▸ **ACTION ITEM**
Every picture is to be removed, and all the data is to be copied exactly.

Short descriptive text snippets
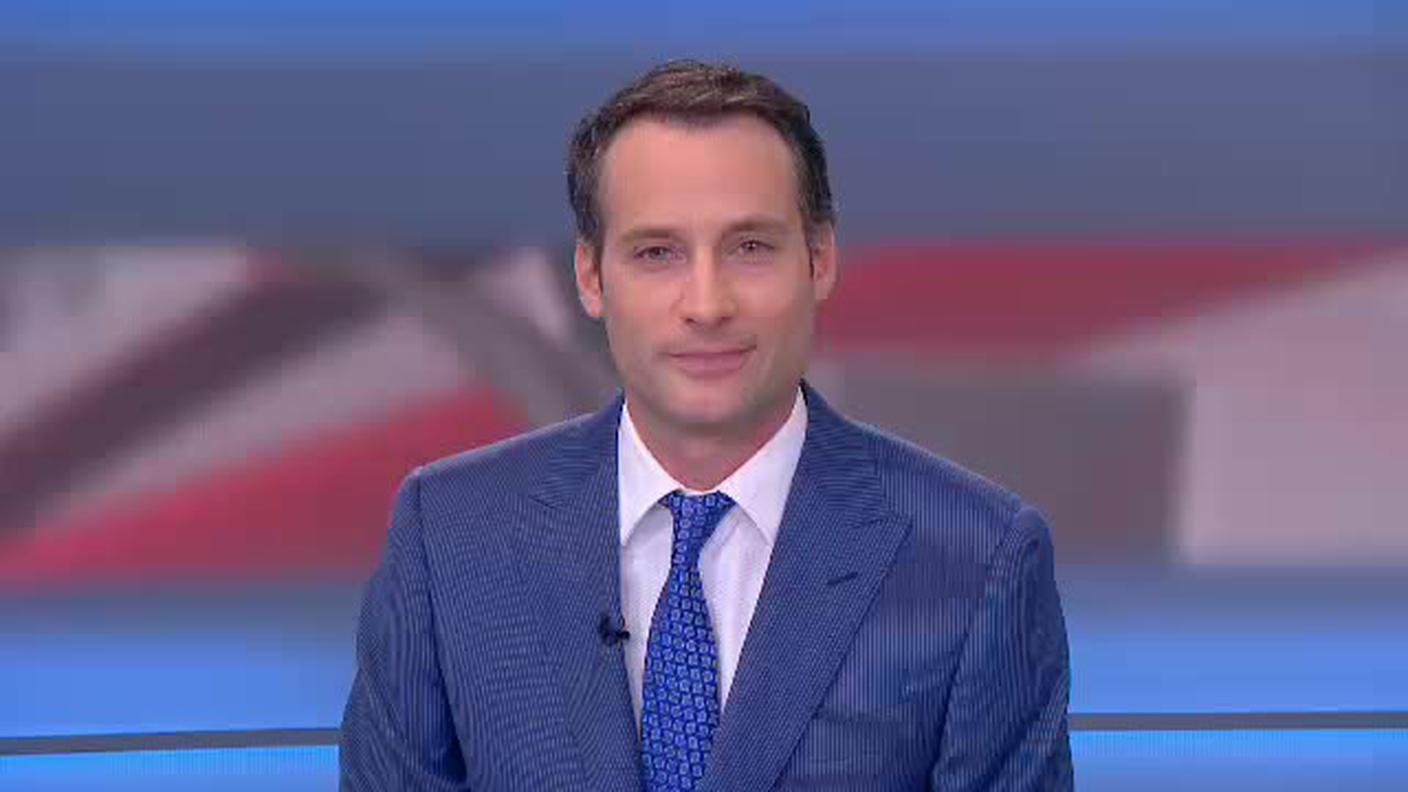  TELEGIORNALE 12:30  [La1] 2017-07-24 12:30:00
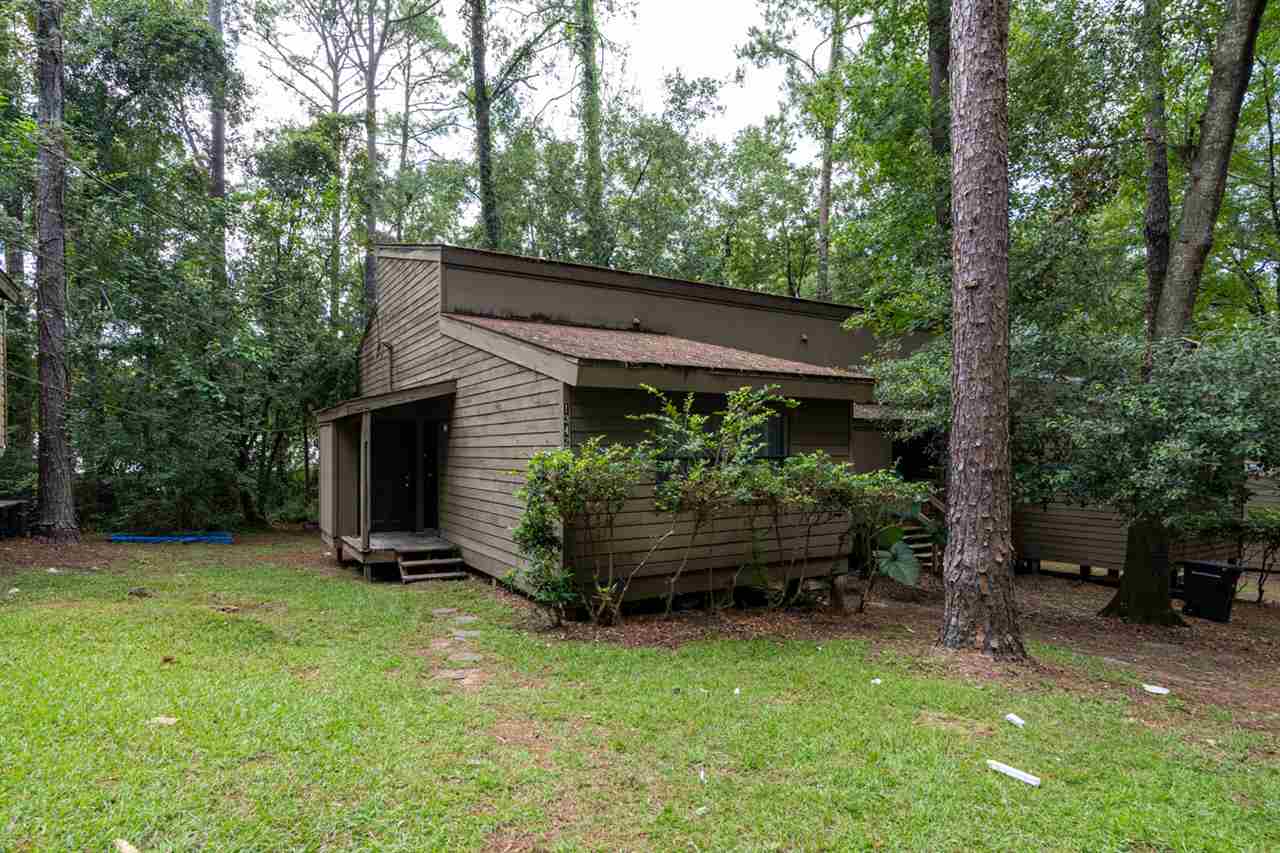 1349 Rumba Lane Tallahassee, FL 32304 - Photo 1 of 20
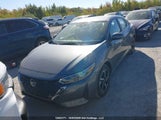 Nissan Sentra Sv 3N1AB8CV6RY366507 снимка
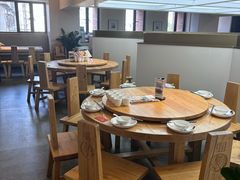 -滇铺子·云南特色菜·第九届野生菌美食节(东风东路c86店)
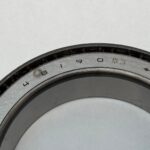 Timken 48190-3 Taper Roller Bearing Cone 48190 *3 4-1/4″ ID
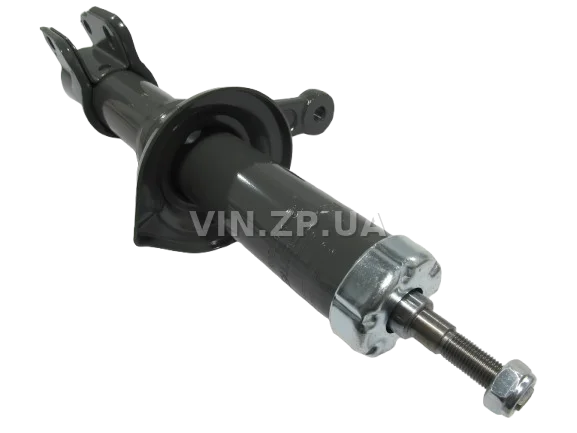 Амортизатор Передний Правый Таврия 1102 Славута 1103 ASR Extreme 1102-2905006 3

▸ **EXPECTED ANSWER**
  TELEGIORNALE 12:30  [La1] 2017-07-24 12:30:00
 1349 Rumba Lane Tallahassee, FL 32304 - Photo 1 of 20
 Nissan Sentra Sv 3N1AB8CV6RY366507 снимка
 -滇铺子·云南特色菜·第九届野生菌美食节(东风东路c86店)
 Timken 48190-3 Taper Roller Bearing Cone 48190 *3 4-1/4″ ID
 Амортизатор Передний Правый Таврия 1102 Славута 1103 ASR Extreme 1102-2905006 3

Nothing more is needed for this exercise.